## Your task
Find the line with "萬翔餐廳 - 料理写真:29年9月訪問" in the records below, then please transcribe it and every later line exactly, omitting the pictures and adding nothing.

- - - - - - -

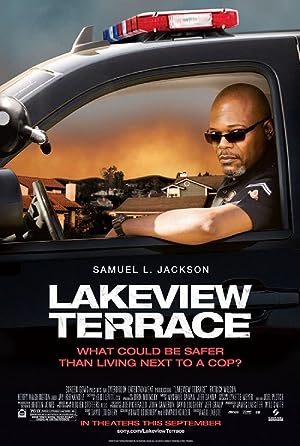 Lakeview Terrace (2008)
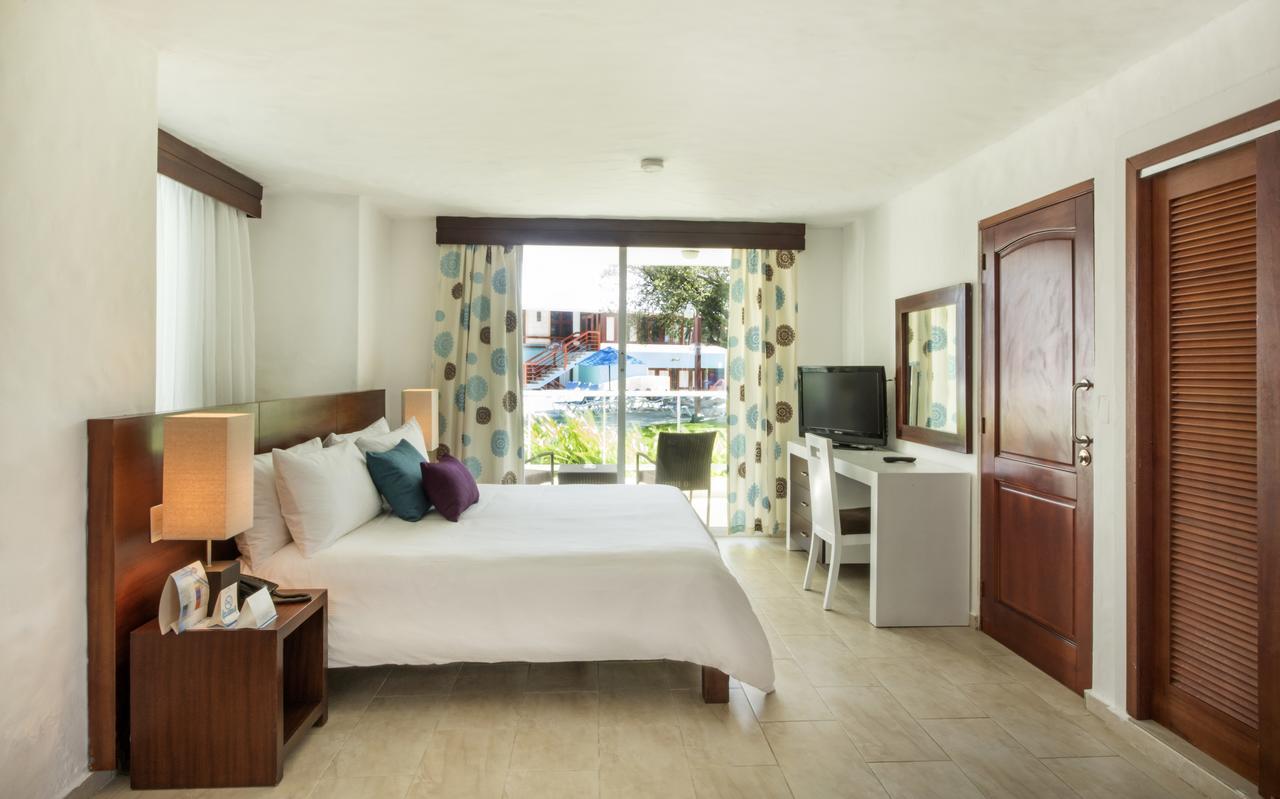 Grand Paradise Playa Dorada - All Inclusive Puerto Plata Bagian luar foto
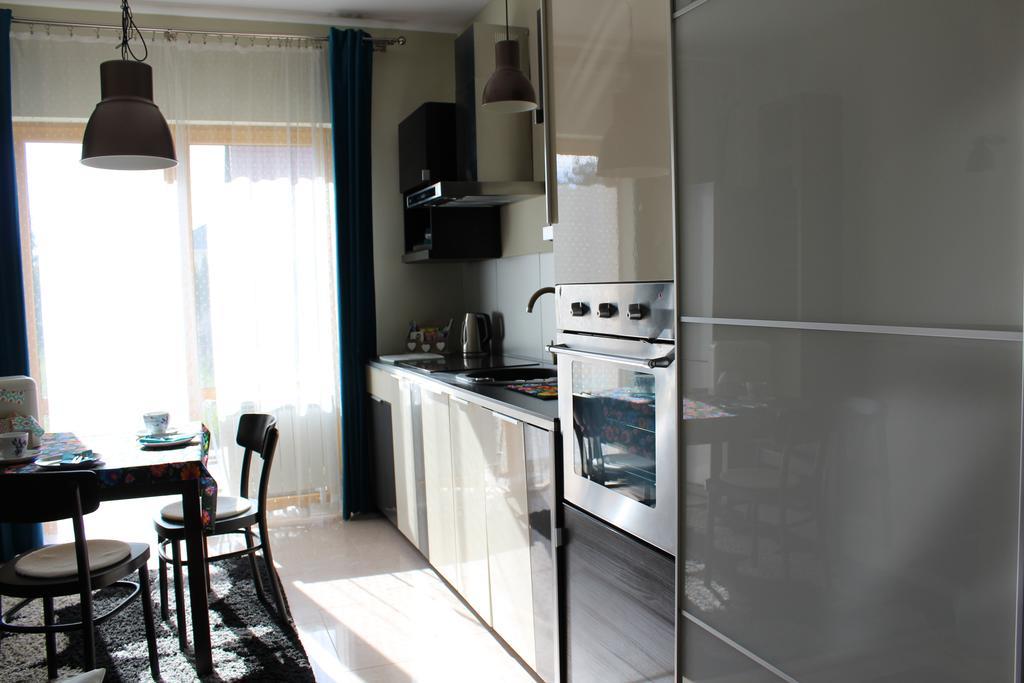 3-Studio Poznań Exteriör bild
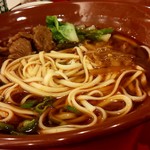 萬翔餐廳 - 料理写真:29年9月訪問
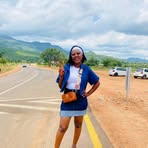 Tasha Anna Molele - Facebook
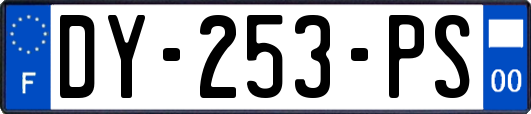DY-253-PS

- - - - - - -

## Written solution
 萬翔餐廳 - 料理写真:29年9月訪問
 Tasha Anna Molele - Facebook
DY-253-PS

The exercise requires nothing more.